Will der Mandant trotzdem von Ihnen vertreten werden, ist er zunächst darüber zu belehren, dass er sich kostenlos durch einen Verband vertreten lassen kann und daher grundsätzlich keine PKH erhält. Ausnahmen sind nur bei triftigen Gründen möglich, die direkt mit dem PKH-Antrag dem Gericht dezidiert vorgetragen werden sollten. Der Bevollmächtigte sollte auch darauf achten, zu welchem Zeitpunkt er in das Verfahren tritt.
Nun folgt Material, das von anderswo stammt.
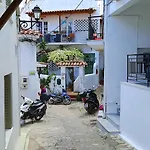 The Lemoni House - Skyathos- 2-bedroom Apartment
Übernimmt er die Vertretung im laufenden Verfahren (Anwaltswechsel), sind die Gründe in der bisherigen Vertretung durch Gewerkschaft/Verband zu suchen und darzulegen. Will der Mandant von Beginn an den Anwalt selbst wählen, liegt in der Regel ein besonderer rechtlicher Vorteil zugrunde, den sich der Mandant dadurch verspricht. Danach sollte sich die Argumentation ausrichten (vgl. Grafik).

 

PRAXISHINWEIS | Dem Mandanten ist dringend zu raten, den Verband rechtzeitig vor einem Rechtsstreit zu informieren. Grund: PKH kann bereits abgelehnt werden, wenn es nur grundsätzlich möglich ist, sich durch einen Verband vertreten zu lassen, dieser aber nicht eintritt, weil der Mandant bei ihm zu spät Rechtsschutz beantragt hat (LSG Sachsen-Anhalt 22.10.15, L 4 AS 628/15 B, Abruf-Nr. 146534).

 

 

Musterformulierung / Begründung eines PKH-Antrag trotz anderer Vertretungsmöglichkeit

Es wird an dieser Stelle darauf hingewiesen, dass der Unterzeichner in den vergangenen ... Jahren über ... Mandate mit vergleichbaren (sozial-/arbeits)rechtlichen Problematiken bearbeitet hat und daher sowohl mit der Materie, der aktuellen Rechtsprechung als auch den Argumentationslinien der Gegenseite vertraut ist. Besonders komplex ist die Auseinandersetzung betreffend ....

 

Der Unterzeichner vertritt derzeit zahlreiche Kläger, die ebenfalls Gewerkschafts-/Verbandsmitglied sind und PKH unter meiner Beiordnung erhalten haben, da sie mit der gewerkschaftlichen Vertretung/Verbandsvertretung unzufrieden waren bzw. im Einzelfall konkrete Rechtsnachteile erlitten haben. Dies äußerte sich z. B. durch: ... (konkrete Gründe: Fristversäumnis, falsche Argumentation, fehlende Unterstützung, kaum Kommunikation und Rücksprache mit dem vertretenen Kläger).

 

Angesichts der existentiellen Bedeutung des Rechtsstreits legt der Kläger großen Wert auf eine akkurate und sorgfältige Prozessführung.